RECORDED DATA.
────────────────────────────────────────

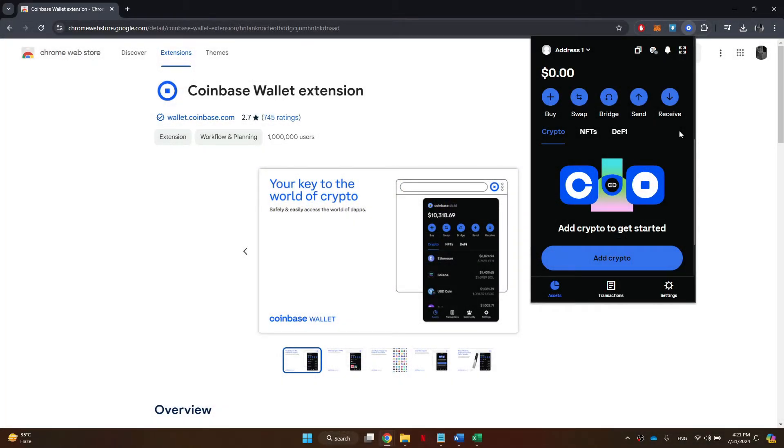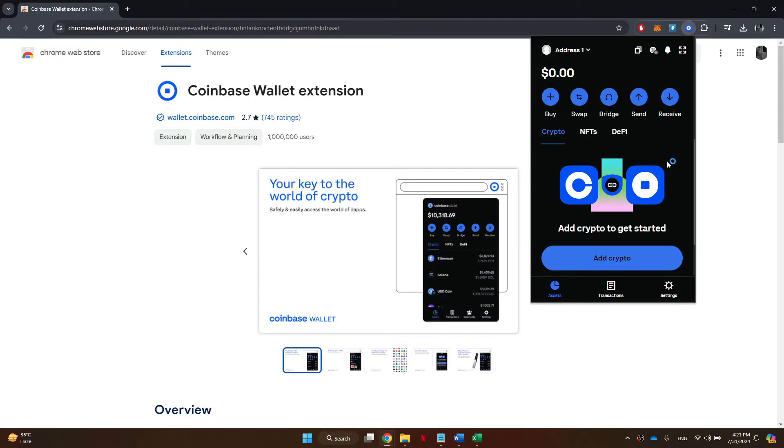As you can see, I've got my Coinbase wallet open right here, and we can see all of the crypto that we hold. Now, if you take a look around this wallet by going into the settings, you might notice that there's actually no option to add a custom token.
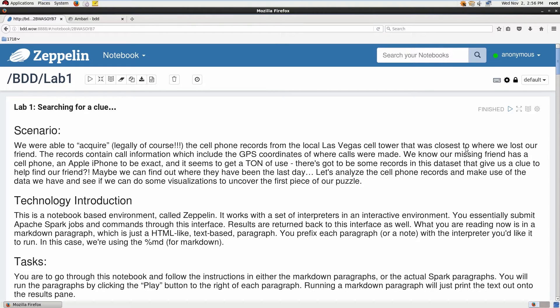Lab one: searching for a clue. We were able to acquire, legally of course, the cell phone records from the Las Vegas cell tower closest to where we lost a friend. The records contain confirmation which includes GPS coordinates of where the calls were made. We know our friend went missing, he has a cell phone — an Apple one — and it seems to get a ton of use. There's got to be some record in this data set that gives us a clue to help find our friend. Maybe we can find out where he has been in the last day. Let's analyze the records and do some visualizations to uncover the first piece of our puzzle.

────────────────────────────────────────

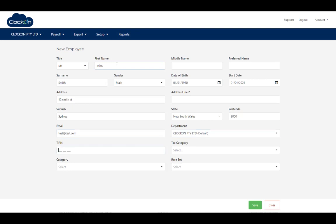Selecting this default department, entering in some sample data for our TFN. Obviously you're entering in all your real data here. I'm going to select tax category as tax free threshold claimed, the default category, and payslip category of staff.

────────────────────────────────────────

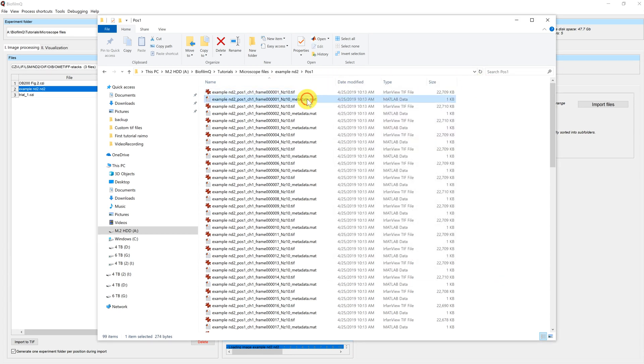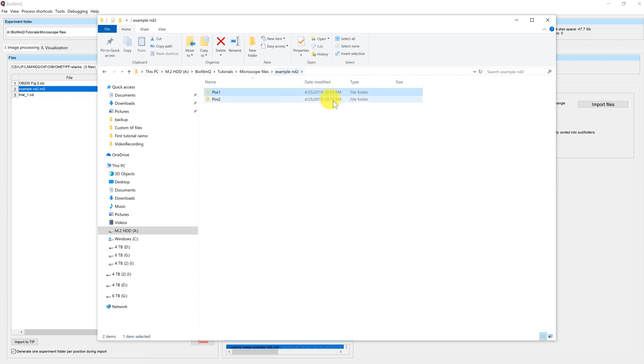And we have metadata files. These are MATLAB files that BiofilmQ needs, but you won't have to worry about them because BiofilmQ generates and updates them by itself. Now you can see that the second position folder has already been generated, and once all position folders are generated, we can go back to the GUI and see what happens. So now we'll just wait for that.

────────────────────────────────────────

WHAT YOU WILL DO. Word for word, write out the lines above running from the one with "As you can see, I've" up to and including the one with "Lab one: searching". Drop any picture.

OUTPUT FOR THIS EXERCISE.
As you can see, I've got my Coinbase wallet open right here, and we can see all of the crypto that we hold. Now, if you take a look around this wallet by going into the settings, you might notice that there's actually no option to add a custom token.
Lab one: searching for a clue. We were able to acquire, legally of course, the cell phone records from the Las Vegas cell tower closest to where we lost a friend. The records contain confirmation which includes GPS coordinates of where the calls were made. We know our friend went missing, he has a cell phone — an Apple one — and it seems to get a ton of use. There's got to be some record in this data set that gives us a clue to help find our friend. Maybe we can find out where he has been in the last day. Let's analyze the records and do some visualizations to uncover the first piece of our puzzle.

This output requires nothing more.